The Renew Democracy Initiative (RDI) is a non-partisan organization committed to identifying and combating threats to freedom in the U.S. and around the world.  Although based on a moderate political perspective, its leadership consists of individuals from a variety of ideological backgrounds and it has published content spanning the political spectrum. It was founded in 2017 by former World Chess Champion and Russian dissident Garry Kasparov, and its board is made up of people ranging from center-left to center-right including Senators Heidi Heitkamp and Bob Kerrey, Pulitzer Prize-winners Bret Stephens and Anne Applebaum, Congressman Mickey Edwards, former RNC Chairman Michael Steele, and former World Poker Champion Annie Duke, among others.

Overview
RDI was founded in the months following the 2016 United States presidential election to strengthen liberal democracy by bringing together the center-left and center-right. Over 120 prominent thinkers and leaders have signed RDI’s Values Statement promoting and defending democracy at home and abroad, including Dambisa Moyo, Scott Turow, Larry David, Stephen Fry, José María Aznar, Norman Foster, Natan Sharansky, Mario Vargas Llosa, Bret Stephens, and Bill Kristol. Currently, RDI’s key priorities are rallying support for Ukraine against Vladimir Putin and leveraging the voices of dissidents to defend key freedoms in the U.S. under its Frontlines of Freedom initiative.

Projects

Fight for Liberty 
In October 2018, RDI released its inaugural publication, Fight for Liberty. Taking inspiration from The Federalist Papers, the book features a collection of essays by contributors allied with RDI’s mission and values. Kirkus Reviews wrote, "The strongest point of this useful collection is the depth and breadth of its opposition to our current illiberal atmosphere...A valuable addition to the literature of democratic resistance."

Conferences 
On March 14, 2019, RDI hosted a conference entitled "Reawakening the Spirit of Democracy" at Johns Hopkins University. Featured speakers included Democratic Senators Ben Cardin and Heidi Heitkamp, former Republican House Majority Leader Eric Cantor, political strategist Donna Brazile, and journalist Bret Stephens.

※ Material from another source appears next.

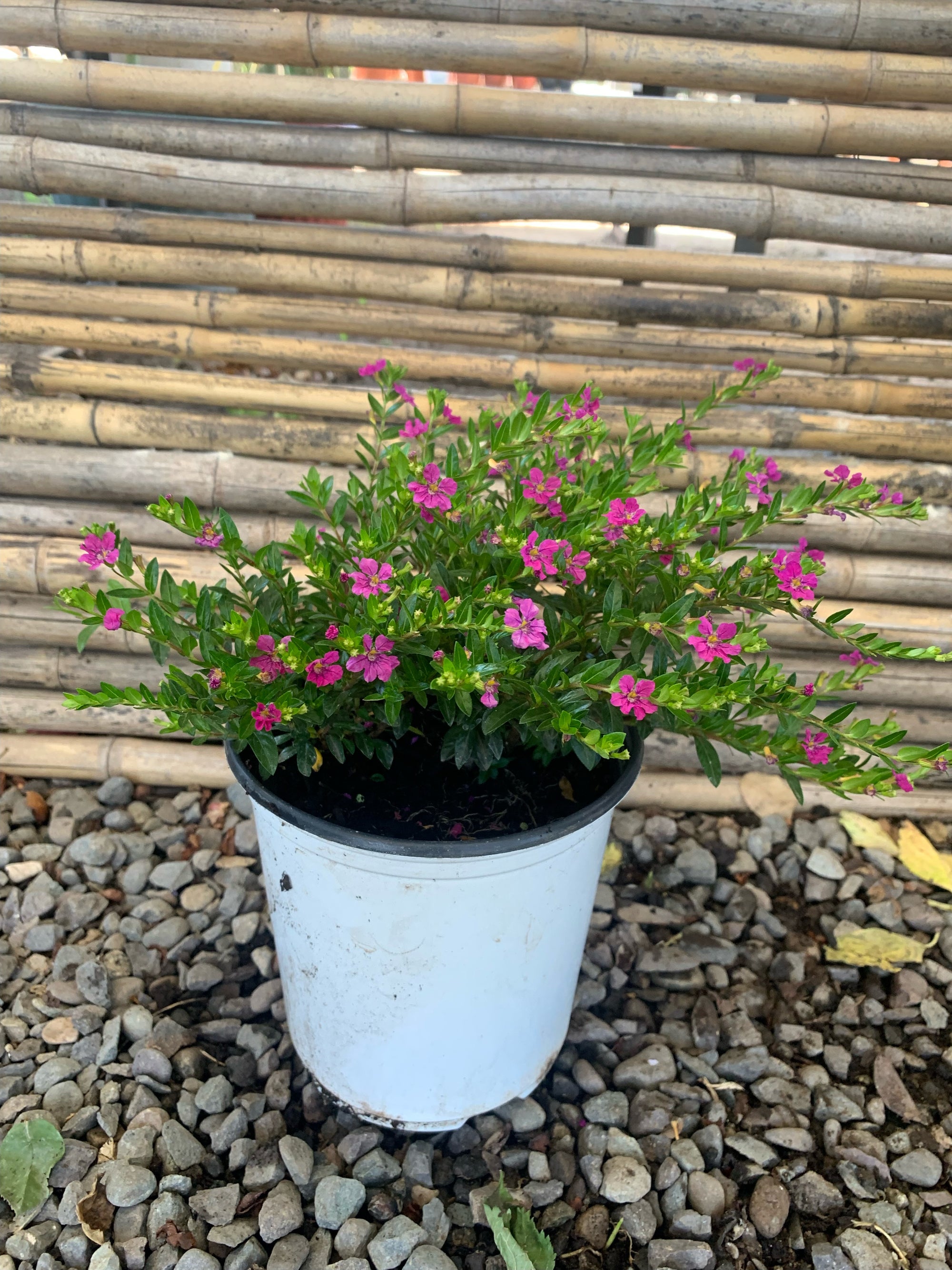 Verónica Colombiana - Cuphea Hyssopifolia  (Rosada)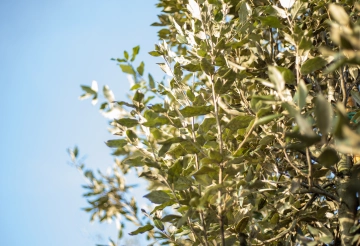 Welke bomen laten geen bladeren vallen in de herfst?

In October 2019, RDI hosted a second event at Hunter College titled "Democracy in America: Is Everyone In?". The conference addressed the current state of political polarization and extremism in the US, and featured RDI Chairman Garry Kasparov and CEO of Generation Citizen, Scott Warren.

With the start of the COVID-19 pandemic, RDI transitioned to hosting primarily virtual events including: a briefing on the war in Ukraine with Ukrainian Foreign Minister Dmytro Kuleba in 2022, a joint event between RDI the online magazine Persuasion to celebrate citizen journalism in 2021, and a conversation on restoring civic duty & civility with Cindy McCain, Heidi Heitkamp, and Anne Applebaum in 2020.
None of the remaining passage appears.